◆ **Work request**
Write out, word for word and with no pictures, each line below from the one containing "Photo of the" through the one containing "アナパにあるAtlantid", both included, and no other line.

Short web captions
☆ ☆ ☆ ☆ ☆

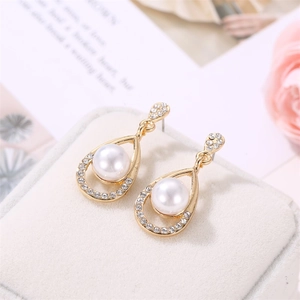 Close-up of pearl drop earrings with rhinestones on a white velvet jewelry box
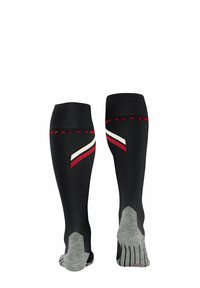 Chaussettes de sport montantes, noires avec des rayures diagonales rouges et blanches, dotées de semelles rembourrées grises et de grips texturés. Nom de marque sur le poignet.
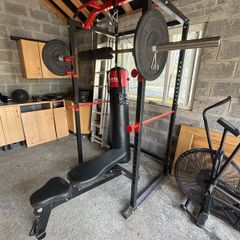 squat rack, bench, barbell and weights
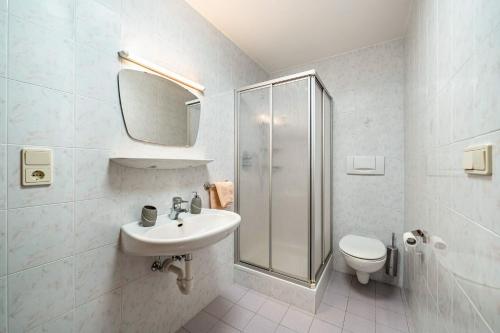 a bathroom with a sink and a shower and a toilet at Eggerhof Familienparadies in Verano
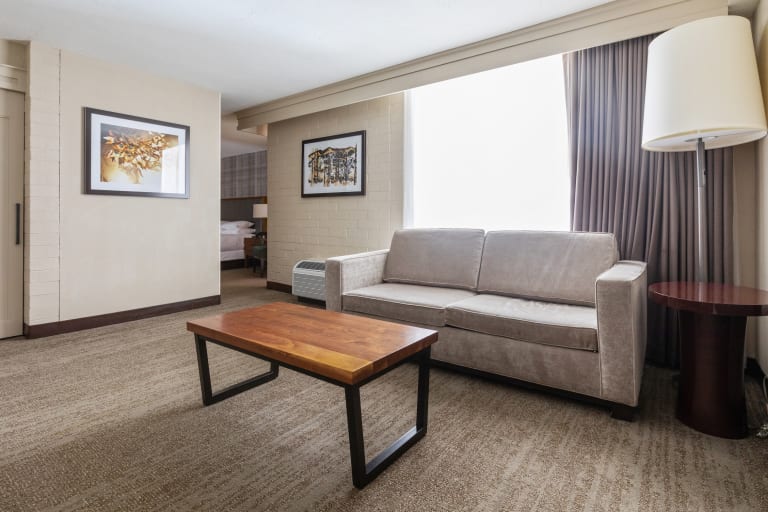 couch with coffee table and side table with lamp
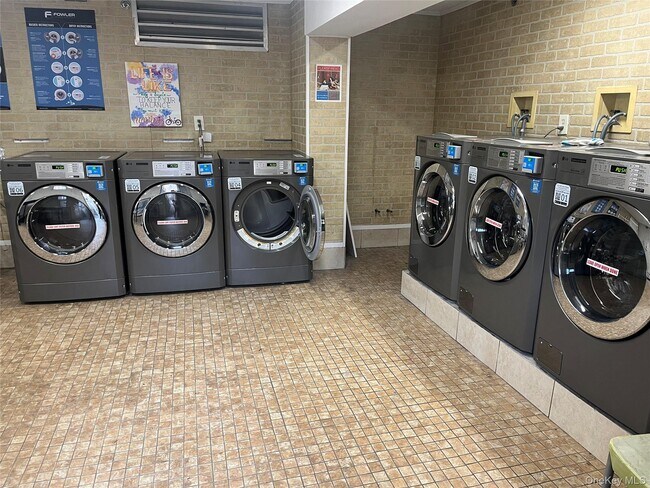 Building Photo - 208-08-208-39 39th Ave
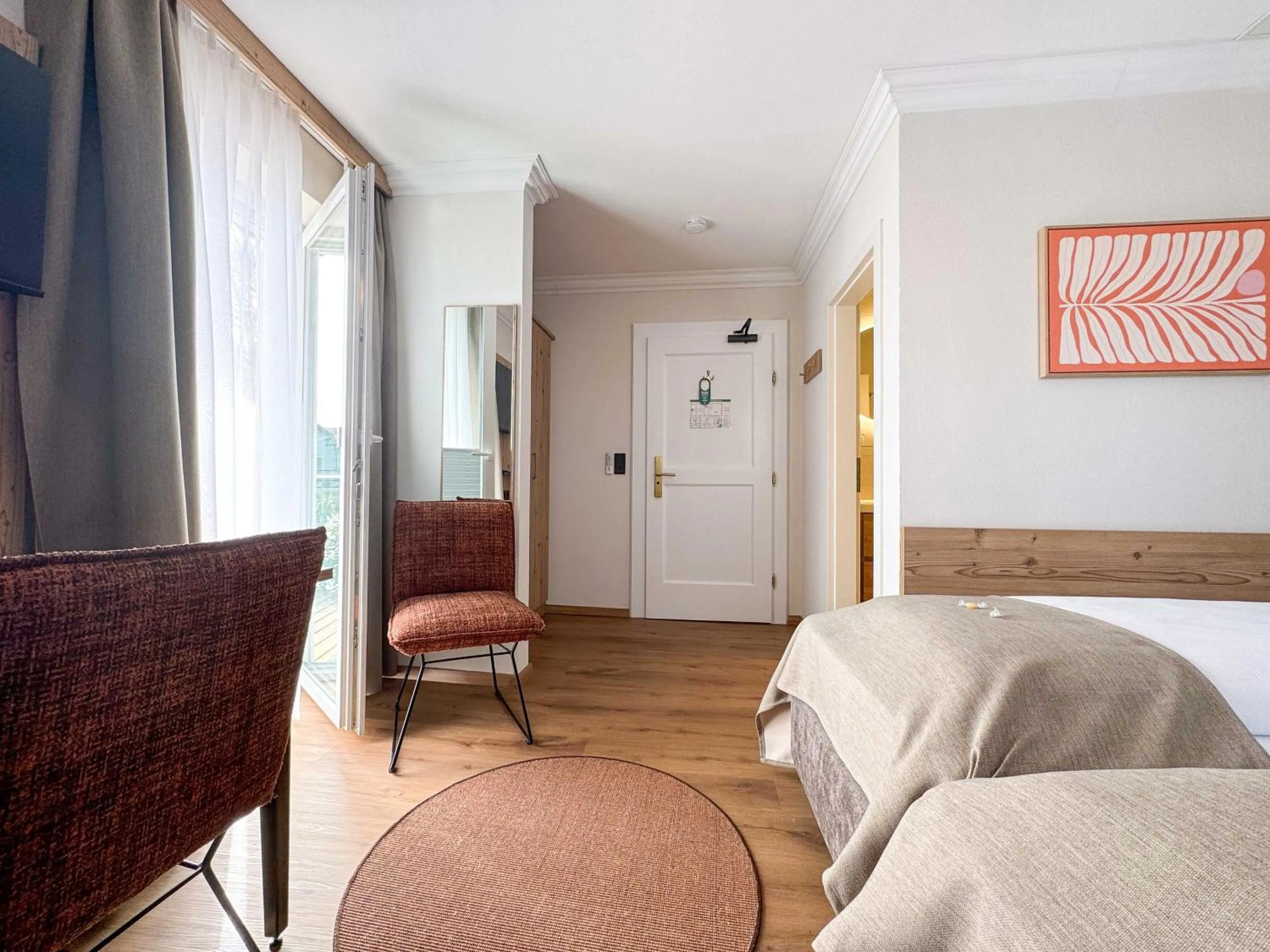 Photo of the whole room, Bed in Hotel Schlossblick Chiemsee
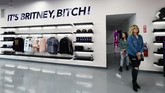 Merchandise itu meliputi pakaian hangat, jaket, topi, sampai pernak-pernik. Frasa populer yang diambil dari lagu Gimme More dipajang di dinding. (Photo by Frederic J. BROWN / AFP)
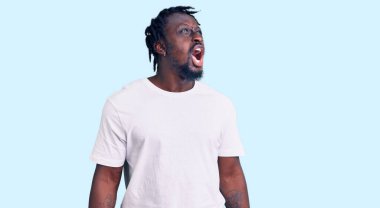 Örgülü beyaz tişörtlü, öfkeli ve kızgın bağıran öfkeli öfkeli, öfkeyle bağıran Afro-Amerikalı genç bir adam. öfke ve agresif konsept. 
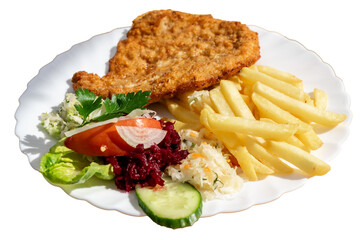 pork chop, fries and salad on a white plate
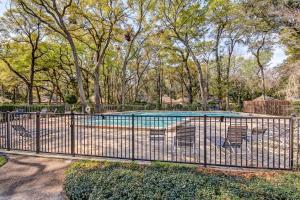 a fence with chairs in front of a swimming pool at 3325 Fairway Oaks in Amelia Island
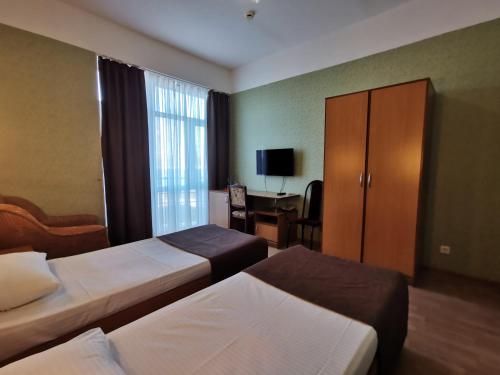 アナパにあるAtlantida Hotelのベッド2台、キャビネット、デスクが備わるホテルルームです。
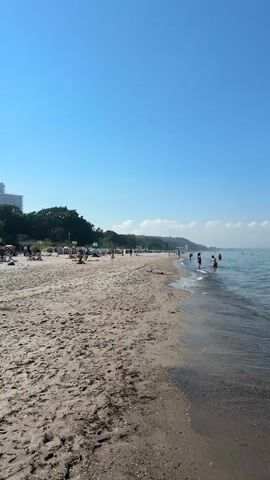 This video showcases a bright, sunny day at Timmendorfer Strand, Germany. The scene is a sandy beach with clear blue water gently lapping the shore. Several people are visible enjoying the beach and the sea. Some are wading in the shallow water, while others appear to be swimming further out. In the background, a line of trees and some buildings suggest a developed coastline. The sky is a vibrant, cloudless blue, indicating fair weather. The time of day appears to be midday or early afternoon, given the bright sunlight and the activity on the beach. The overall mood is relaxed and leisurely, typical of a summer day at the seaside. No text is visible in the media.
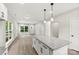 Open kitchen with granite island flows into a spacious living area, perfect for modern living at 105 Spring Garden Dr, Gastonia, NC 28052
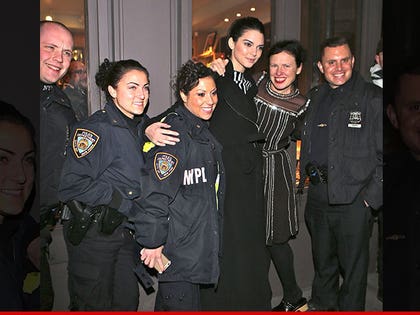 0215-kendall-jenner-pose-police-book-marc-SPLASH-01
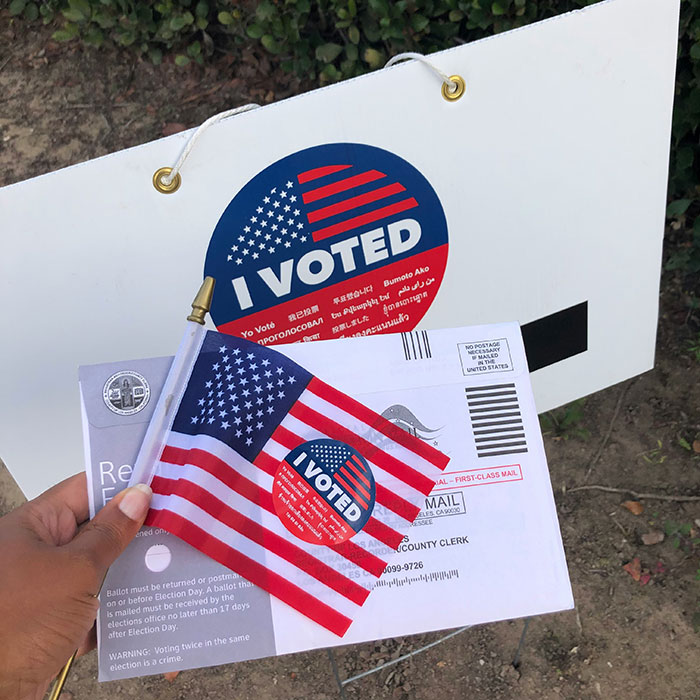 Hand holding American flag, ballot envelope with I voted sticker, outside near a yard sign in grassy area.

☆ ☆ ☆ ☆ ☆

◆ **Task solution**
 Photo of the whole room, Bed in Hotel Schlossblick Chiemsee
 Merchandise itu meliputi pakaian hangat, jaket, topi, sampai pernak-pernik. Frasa populer yang diambil dari lagu Gimme More dipajang di dinding. (Photo by Frederic J. BROWN / AFP)
 Örgülü beyaz tişörtlü, öfkeli ve kızgın bağıran öfkeli öfkeli, öfkeyle bağıran Afro-Amerikalı genç bir adam. öfke ve agresif konsept. 
 pork chop, fries and salad on a white plate
 a fence with chairs in front of a swimming pool at 3325 Fairway Oaks in Amelia Island
 アナパにあるAtlantida Hotelのベッド2台、キャビネット、デスクが備わるホテルルームです。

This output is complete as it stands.